Mikael Eliasson - Using the sqlbulkcopy to batch inserts

Sometimes you need to insert large amounts of data into your Sql Server. There is a hidden gem in the .net framework that is really good at this, the SqlBulkCopy Class.

So in my case I had a situation where I needed to insert thousands of TrackPoints into the database. I used EF wich can't to bulk inserts. Pretty much because EF will try to update the Identity of the inserted value and therefore need to run one insert per statement.

Here is how my repository looks:

public void InsertTrackPoints(IEnumerable<TrackPoint> trackPoints)
{

    using (var reader = new TrackPointsDataReader(trackPoints))
    {

        using (SqlConnection cn = new SqlConnection(this.connectionStrings.Data))
        {
            cn.Open();
            using (SqlBulkCopy copy = new SqlBulkCopy(cn))
            {
                copy.BatchSize = reader.RecordsAffected;
                copy.DestinationTableName = "TrackPoints";
                copy.NotifyAfter = 0;

                foreach (var i in Enumerable.Range(0, reader.FieldCount))
                {
                    copy.ColumnMappings.Add(i, i);
                }
                copy.WriteToServer(reader);
                copy.Close();
            }
        }  
    }
}

The most interesting thing here is the TrackPointsDataReader which inherits the DbDataReader.
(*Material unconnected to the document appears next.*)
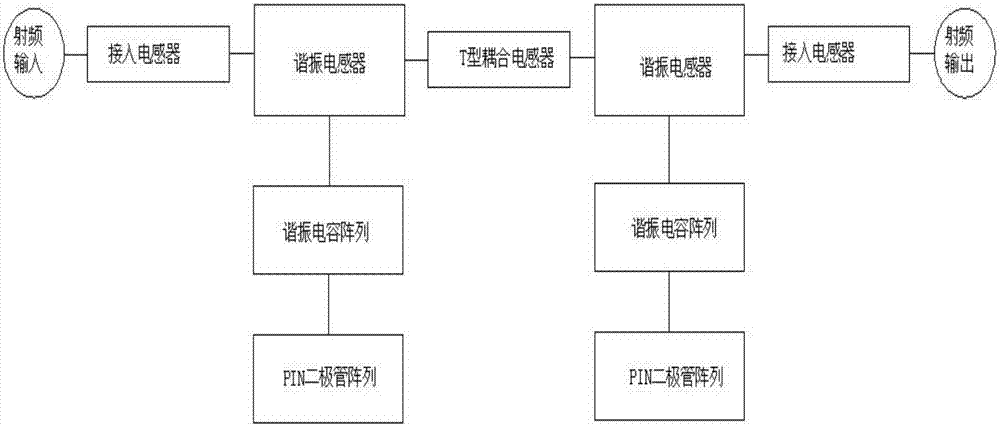 一種帶增益輸出的跳頻濾波器的制造方法與工藝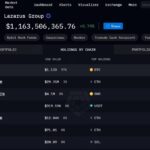 Korea Utara dan Cyber Lazarus Menimbun Bitcoin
This is a pretty easy way to go from an in memory collection to something the SqlBulkCopy can consume. I should warn you that this might not be the best implementation. I think you can do something more generic and robust. I usually refactor something the second time I need to use almost the same code and so far it has only been once.

public class TrackPointsDataReader : DbDataReader
   {
       public IEnumerable<TrackPoint> Items { get; set; }
       public IEnumerator<TrackPoint> Enumerator { get; set; }

       private IList<Func<TrackPoint, object>> ordinalToValueMapping = new List<Func<TrackPoint, object>>
       {
           tp => tp.Time,
           tp => tp.TrackID,
           tp => tp.Long,
           tp => tp.Lat,
           tp => tp.Height,
           tp => tp.BPM,
           tp => tp.X,
           tp => tp.Y,
           tp => tp.IsSplit
       };

       public TrackPointsDataReader(IEnumerable<TrackPoint> items)
       {
           Items = items;
           Enumerator = items.GetEnumerator();
       }

       public override void Close()
       {
           this.Enumerator = null;
           this.Items = null;
       }

       public override int FieldCount
       {
           get { return ordinalToValueMapping.Count; }
       }

       public override bool HasRows
       {
           get { return this.Items != null && this.Items.Any(); }
       }

       public override bool IsClosed
       {
           get { return Enumerator == null; }
       }

       public override bool Read()
       {
           return this.Enumerator.MoveNext();
       }

       public override int RecordsAffected
       {
           get { return this.Items.Count(); }
       }

       public override object GetValue(int ordinal)
       {
           return this.ordinalToValueMapping[ordinal](this.Enumerator.Current);
       }
}

Another and partially different implementation is by Daniel Wertheim(@danielwertheim) here http://daniel.wertheim.se/2010/11/10/c-custom-datareader-for-sqlbulkcopy/

So what is the result of all this? In my test case I insert around 3600 TrackPoints and the MiniProfiler says 49 ms(On localhost though):

	duration (ms)	with children (ms)	from start (ms)
http://localhost:31084/UploadRoute/SaveTrack/71	28.9	439.1	+0.0
Build Connection	0.0	0.0	+2.4
Controller: UploadRouteController.SaveTrack	68.9	410.2	+28.4
Save	292.4	341.3	+97.4
Save TrackPoints	48.9	48.9	+389.8

The performance is really good. The MiniProfiler clearly shows that there are other parts I need to focus on more.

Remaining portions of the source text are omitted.